Ali estavam Moisés e Elias, figuras representativas da Antiga Aliança: a Lei e o Profetismo. A voz do Pai, porém, não pede para ouvi-los, e sim, o Filho. Escutar o que Jesus diz é o que dá identidade à fé cristã. Não basta olhar para Jesus. Não basta admirar-nos da vida que ele levou nem do que ele fez. É preciso nos comprometermos com ele, ouvindo e colocando em prática seus ensinamentos. Assumindo em nossa vida a forma de vida de Jesus (cf. Fl 2,5).

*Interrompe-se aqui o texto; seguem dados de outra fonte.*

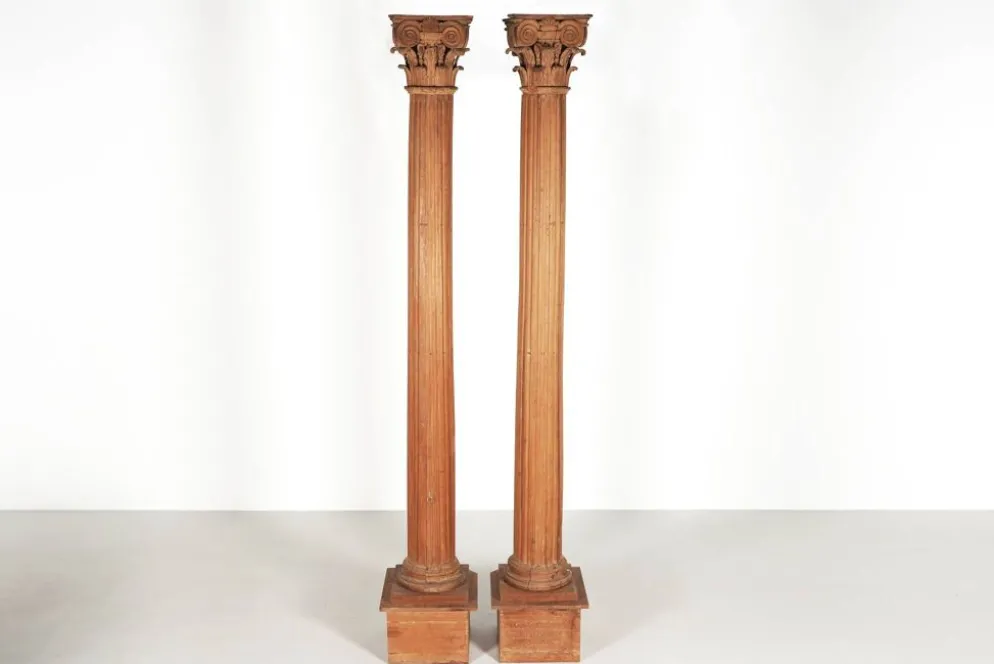 Paire de colonnes corinthiennes du XVIIIème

A escuta deve ser a primeira atitude do discípulo. Ouvir é interiorizar, colocar dentro do coração aquela realidade que cremos, em que esperamos. No meio da nuvem os discípulos ficaram com medo. E escutaram a “voz” que lhes trouxe conforto e esperança. Assim também ocorre conosco: em tempos nebulosos, e acometidos pelo medo, o Senhor sempre suscitará uma “voz” e pronunciará uma palavra que desperta a esperança e afugenta o medo. Em tempos de proclamação de muitas vozes, há que se retirar ao “monte” para ouvir e discernir a voz do Pai.  Jesus é a voz, a palavra do Pai. Escutemo-lo. Confiemos nele. Ele não nos decepciona!